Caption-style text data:
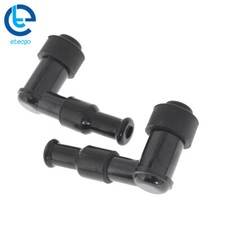 90 Degree Spark Plug Boot Cap Cover Resistor For Snowmobile ATV Motorcycle LB05F
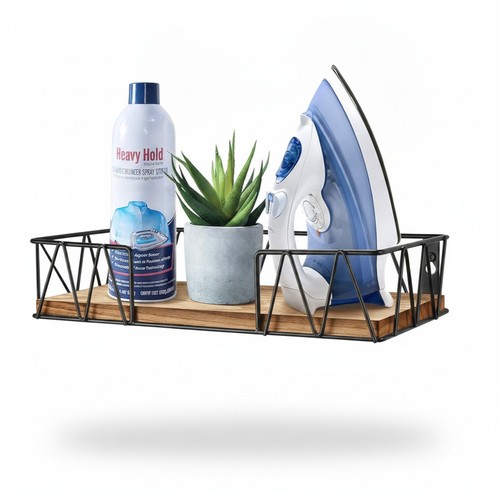 Wall mount ironing - ironing, board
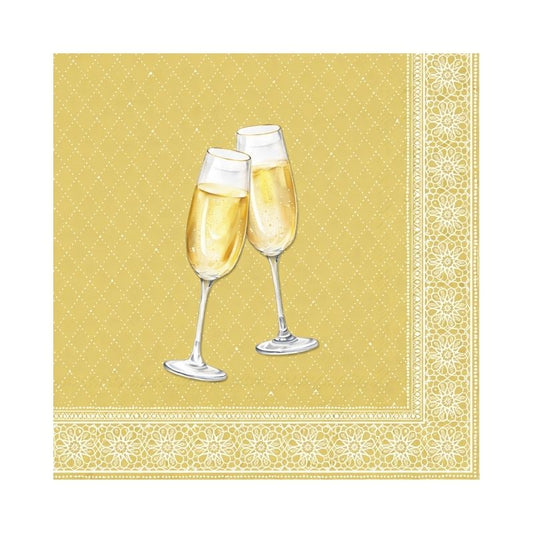Guardanapos golden drinks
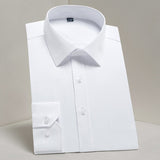 DAVYDAISY Men's Shirt Regular fit. Long Sleeve Twill Solid  Formal Business Shirt.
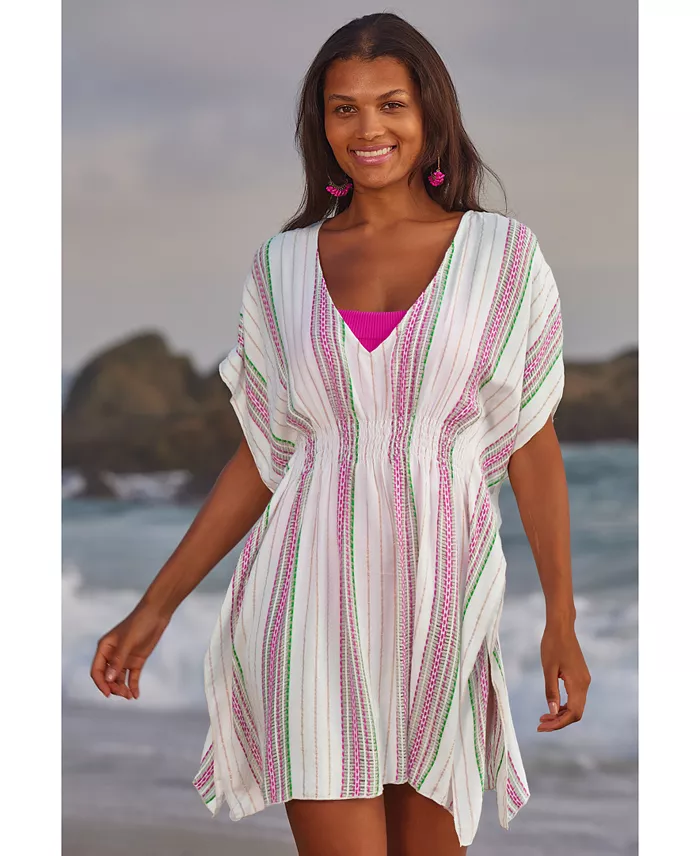 Becca Women's Radiance Tunic Swim Cover-Up Women's Fashion Shoes & Accessories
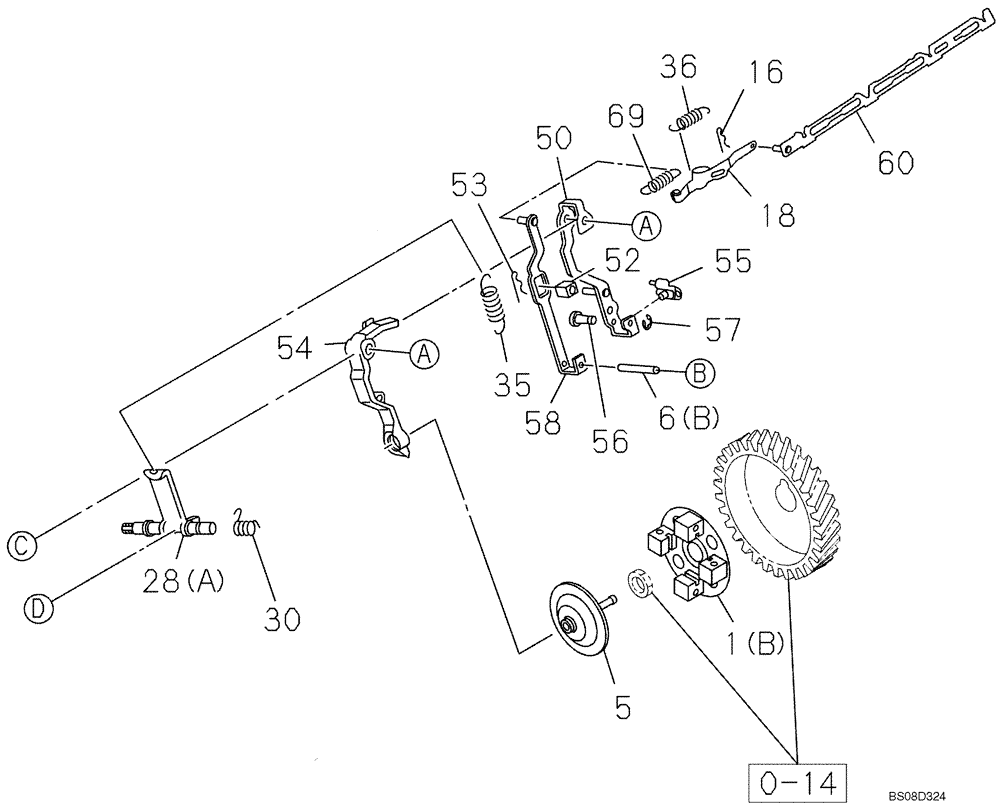 Схема запчастей Case CX75SR - (02-28) - ENGINE FLYWHEEL HOUSING (02) - ENGINE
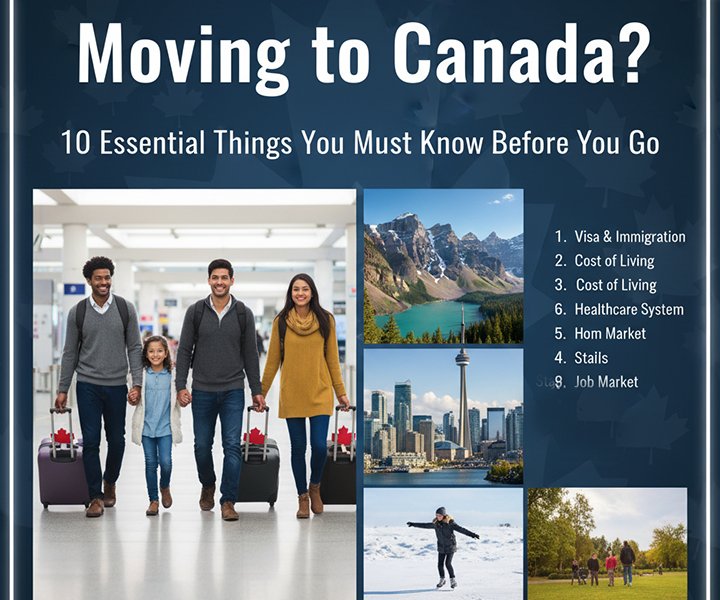 Moving to Canada? 10 Essential Things You Must Know Before You Go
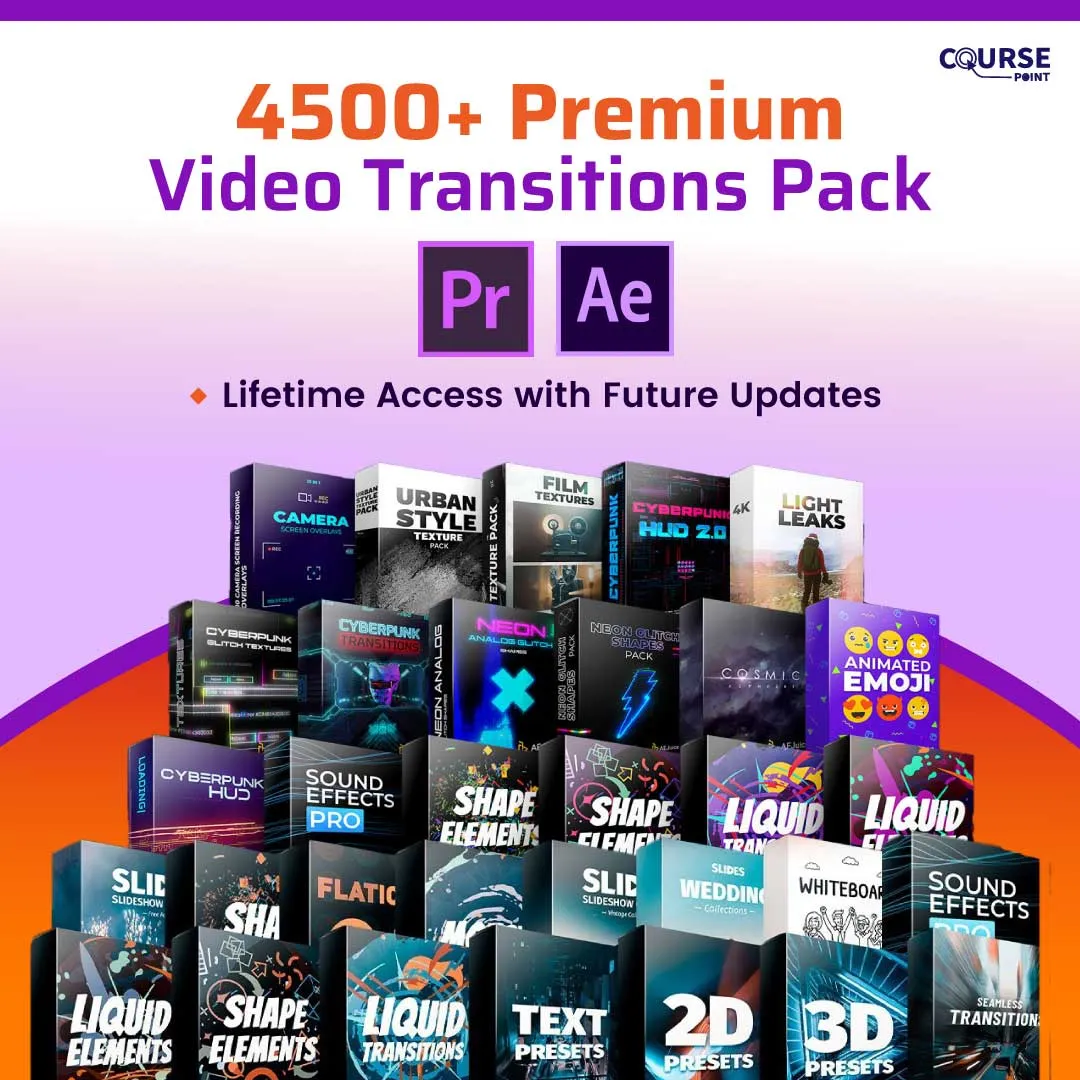 1000+ Ultimate Video Transitions Bundle: Professional Premiere Pro & After Effects Templates – Instant Digital Download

- **Directions**
With the images removed, give back every entry exactly as shown.

- **Result for this exercise**
 90 Degree Spark Plug Boot Cap Cover Resistor For Snowmobile ATV Motorcycle LB05F
 Wall mount ironing - ironing, board
Guardanapos golden drinks
 DAVYDAISY Men's Shirt Regular fit. Long Sleeve Twill Solid  Formal Business Shirt.
 Becca Women's Radiance Tunic Swim Cover-Up Women's Fashion Shoes & Accessories
 Схема запчастей Case CX75SR - (02-28) - ENGINE FLYWHEEL HOUSING (02) - ENGINE
 Moving to Canada? 10 Essential Things You Must Know Before You Go
 1000+ Ultimate Video Transitions Bundle: Professional Premiere Pro & After Effects Templates – Instant Digital Download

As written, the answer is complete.